なら、“ロー公が手前勝手に話す”のはOKなわけですね? 俺は話術を駆使し、ロー公が自分のことを話し出すように誘導した。実にチョロかった。いろいろ溜まっていたのだろう。
以下、意訳。
そこは地下に埋め込まれた酒壺のような空間だった。
『食べ物』が落ちてくる穴が天井にただ一カ所あるだけで、そこも普段は編み笠のような物が被せられ、何かが落とされる時にだけ
穏やかで
退屈を紛らわせるために【死霊の槍】を日夜振るった。この槍は家族と自分を繋ぐ唯一のものであり、自分が【ネクロマンサー】である
闇に向け槍を振るう。目を閉じても開いていても変わらないほど暗く狭い世界で、無心に槍を振るった。槍に常に触れていられることが己にとっての喜びであり、すべてだった。集落にいる時は槍を手放す時間があった。たまに姉や仲間たちにからかわれ、槍を取り上げられてしまったことがあった。村の誰よりも力の弱かった自分は、ただ拳を振り回し槍を取り返そうと躍起になった。倒されても倒されても向かっていくしかなかった。あの頃に比べたら、邪魔が入らず、槍に一日中触れていられるこの時間の、なんと恵まれていることだろうか。

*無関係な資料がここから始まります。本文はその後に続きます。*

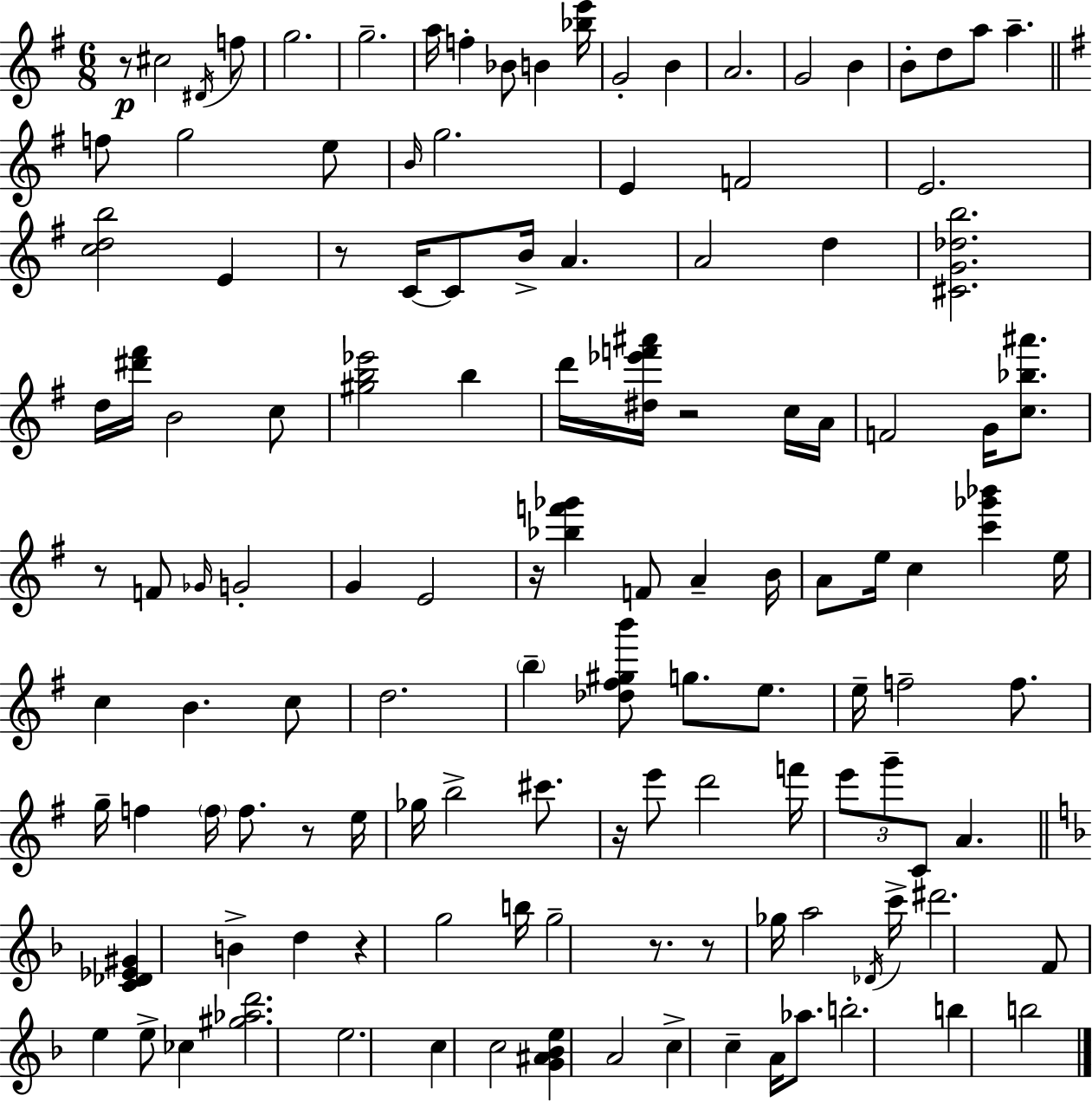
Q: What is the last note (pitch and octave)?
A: B5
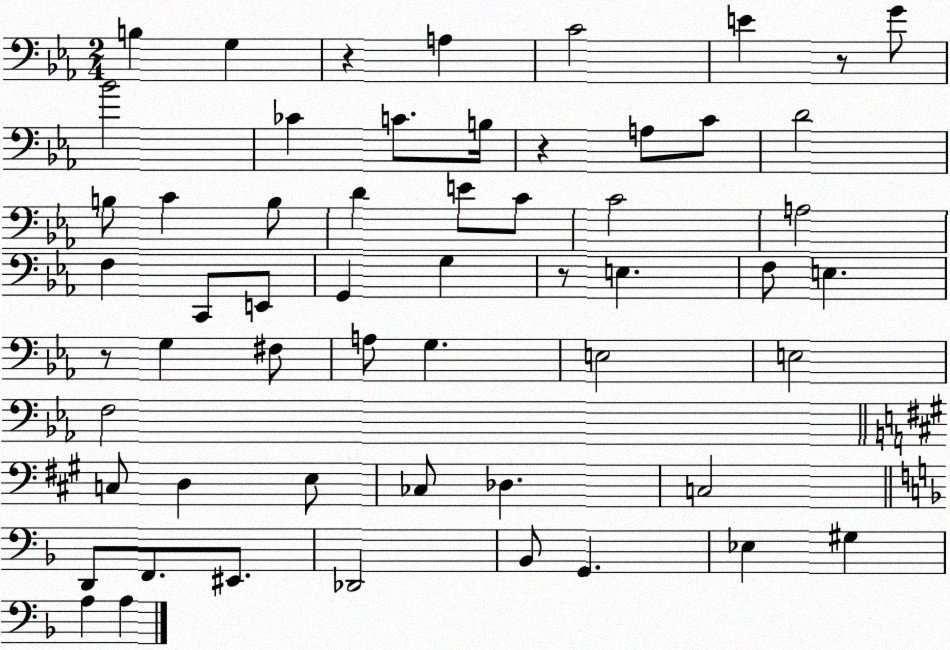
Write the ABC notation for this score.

あの集落と今とで何が違うのだろう。何も変わらないとそう思った。初めて槍を手にした夜はうれしくてうれしくて夜通し槍を振るった。痺れに似た甘い何かが自分の躯を酔わせていた。脳も体も汗でトロトロになるまで槍を振るい続けたあの夜の続きを、今も夢見ているだけだった。
意識して槍に触れるたび、なぜか誇らしい気分になった。なぜ自分が穴蔵で暮らしているのか、これからどうなるのか、そんなことどうでもよかった。槍に触れていると力が湧き、力強く槍を突くと、だんだんと高揚し勇気が湧いてきた。疲れたら槍を抱いて眠り、起きたらまた槍を振るった。“食べ物の穴”から落ちてくる物なら何でも食べた。
集落では槍の指導をしてくれる先生がいたけれど、今は槍自体が己の先生だった。いつの頃からか壁を槍で突き絵を描いた。夜通し突き、明け方に編み笠の隙間からうっすらと差し込む朝日でその出来を確かめていた。岩壁は堅かったが、それ以上に槍は堅く、絵を描き、そして消すたび、酒壺は少しずつ、だが確実に広がっていった。
孤独である時間は長く。だからこそ、『クグツ』を識ったときの喜びようはなかった。
その日はたまたま死体が二つ落とされてきた。一体を無我夢中で喰らい、飢餓から甦った自分には余裕が生まれた。そして槍が教えてくれたのだ。“我に心臓を捧げろ”と、聞こえた気がした。
その通りに心臓に突き刺すと、槍に血が巡るような感覚があり、身悶えするほどのむず痒さに襲われた。ふと気がつけば、目の前に『クグツ』が立っていた。
試しに話しかけてみた。返事がない。『命令』してみた。すると、その通り動いた。それが面白かった。そして“ああ、これがそうなのか”とようやく気がついた。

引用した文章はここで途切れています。